Follow-up for salvaged PR #2352:
- Replace hardcoded Path(os.getenv('HERMES_HOME', ...)) with
get_hermes_home() from hermes_constants (2 places)
- Consolidate redundant git_cmd_base into the existing git_cmd
variable, constructed once before fork detection
- Update autostash tests for the unmerged index check added
in the previous commit
* fix: harden `hermes update` against diverged history, non-main branches, and gateway edge cases
The self-update command (`hermes update` / gateway `/update`) could fail
or silently corrupt state in several scenarios:
1. **Diverged history** — `git pull --ff-only` aborts with a cryptic
subprocess error when upstream has force-pushed or rebased. Now falls
back to `git reset --hard origin/main` since local changes are already
stashed.
2. **User on a feature branch / detached HEAD** — the old code would
either clobber the feature branch HEAD to point at origin/main, or
silently pull against a non-existent remote branch. Now auto-checkouts
main before pulling, with a clear warning.

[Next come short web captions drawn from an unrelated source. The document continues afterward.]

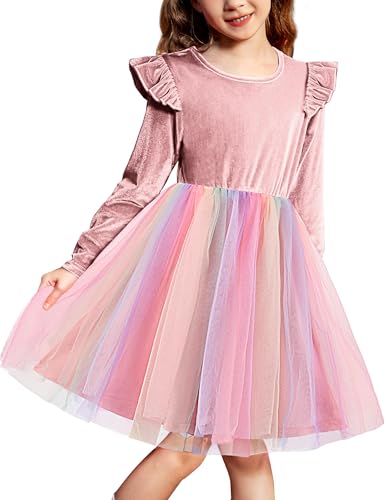 Arshiner Festliches Kleid Mädchen Samtkleid Rosa Festkleid Kleine Kinder Tüllkleid Winter Langarmkleid Hochzeit Prinzessin Partykleid Weihnachtskleider 100/3-4 Jahre von Arshiner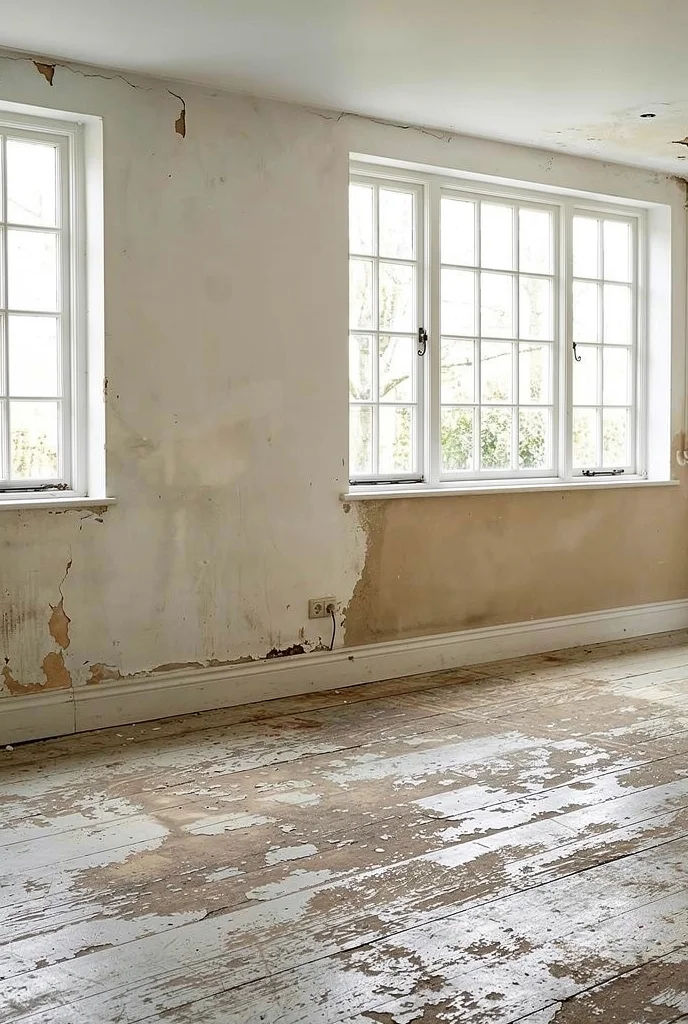 French Country Living Room featuring gray linen two seater sofa with oval jute rug and warm buff walls empty room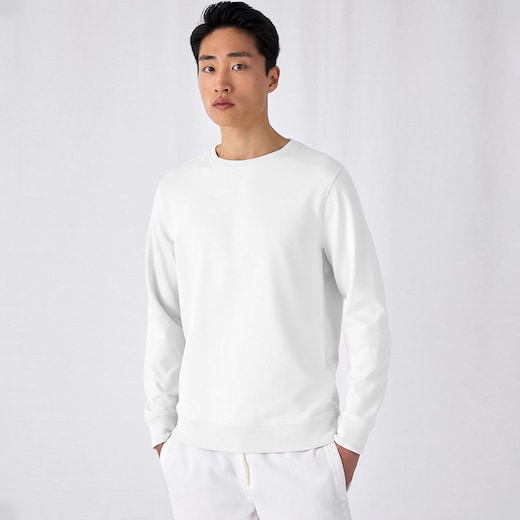 valkoinen B&C Organic Crew Neck - white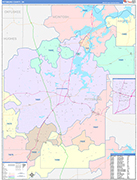 Pittsburg County Wall Map Color Cast Style
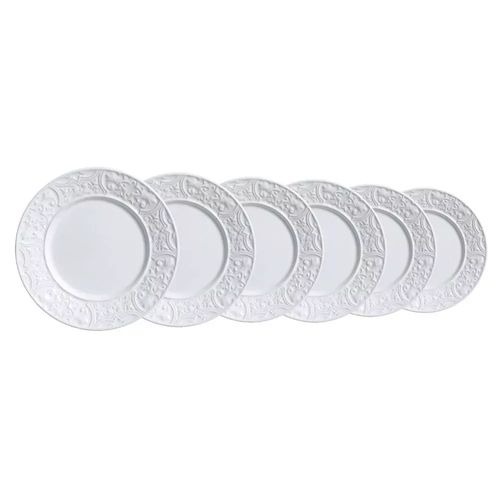 Conjunto de Prato de Sobremesa Porto Branco 6 Peças 20,5cm Porto Brasil na Americanas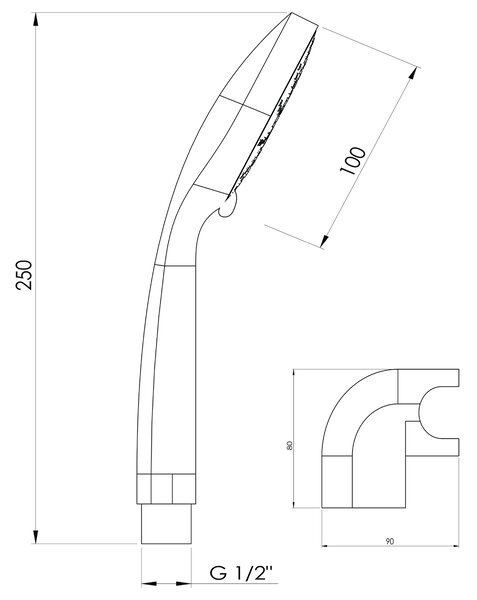 Aqualine Aqualine, ERICA zuhanygarnitúra, forgatható tartó, króm, 11454
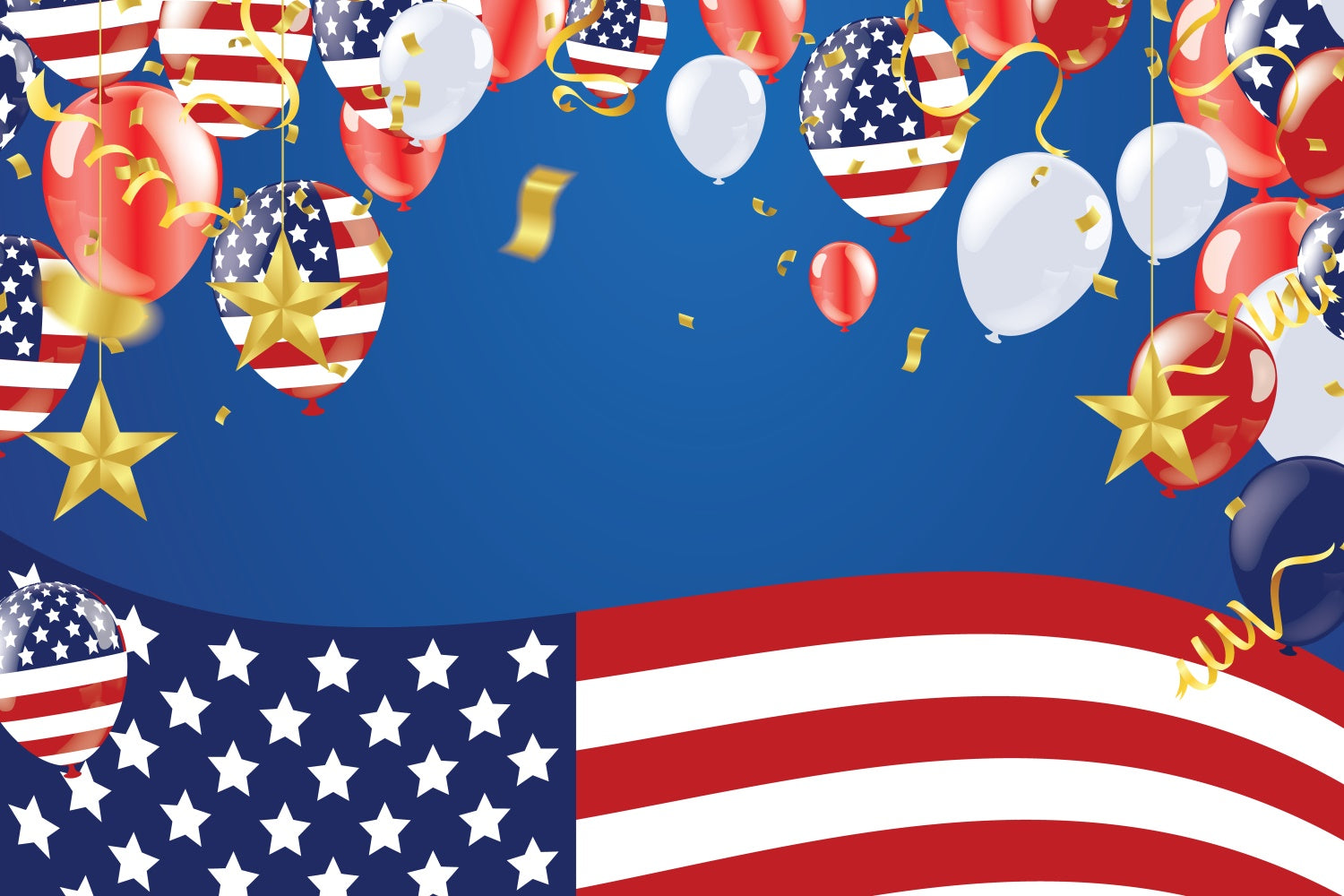 Memorial Backdrop Patriotic Balloons Confetti Backdrop TWW4-62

3. **Fetch failures** — network or auth errors produced raw subprocess
tracebacks. Now shows user-friendly messages ("Network error",
"Authentication failed") with actionable hints.
4. **reset --hard failure** — if the fallback reset itself fails (disk
full, permissions), the old code would still attempt stash restore on
a broken working tree. Now skips restore and tells the user their
changes are safe in stash.
5. **Gateway /update stash conflicts** — non-interactive mode (Telegram
`/update`) called sys.exit(1) when stash restore had conflicts, making
the entire update report as failed even though the code update itself
succeeded. Now treats stash conflicts as non-fatal in non-interactive
mode (returns False instead of exiting).
* fix: restore stash and branch on 'already up to date' early return
The PR moved stash creation before the commit-count check (needed for
the branch-switching feature), but the 'already up to date' early return
didn't restore the stash or switch back to the original branch — leaving
the user stranded on main with changes trapped in a stash.
Now the early-return path restores the stash and checks out the original
branch when applicable.
---------
Co-authored-by: kshitijk4poor <82637225+kshitijk4poor@users.noreply.github.com>
When 'hermes update' stashes local changes and the restore hits
conflicts, the previous behavior silently ran 'git reset --hard HEAD'
to clean up. This could surprise users who didn't realize their
working tree was being nuked.
Now the conflict handler:
- Lists the specific conflicted files
- Reassures the user their stash is preserved
- Asks before resetting (interactive mode)
- Auto-resets in non-interactive mode (prompt_user=False)
- If declined, leaves the working tree as-is with guidance
When `hermes update` stashes local changes and the subsequent
`git stash apply` fails or leaves unmerged files, the conflict markers
(<<<<<<< etc.) were left in the working tree, making Hermes unrunnable
until manually cleaned up.
Now the update command runs `git reset --hard HEAD` to restore a clean
working tree before exiting, and also detects unmerged files even when
git stash apply reports success.
Closes#2348
Add a restore prompt for interactive updates, keep the stash when the user declines, and print a post-restore warning that local changes were reapplied on top of updated code.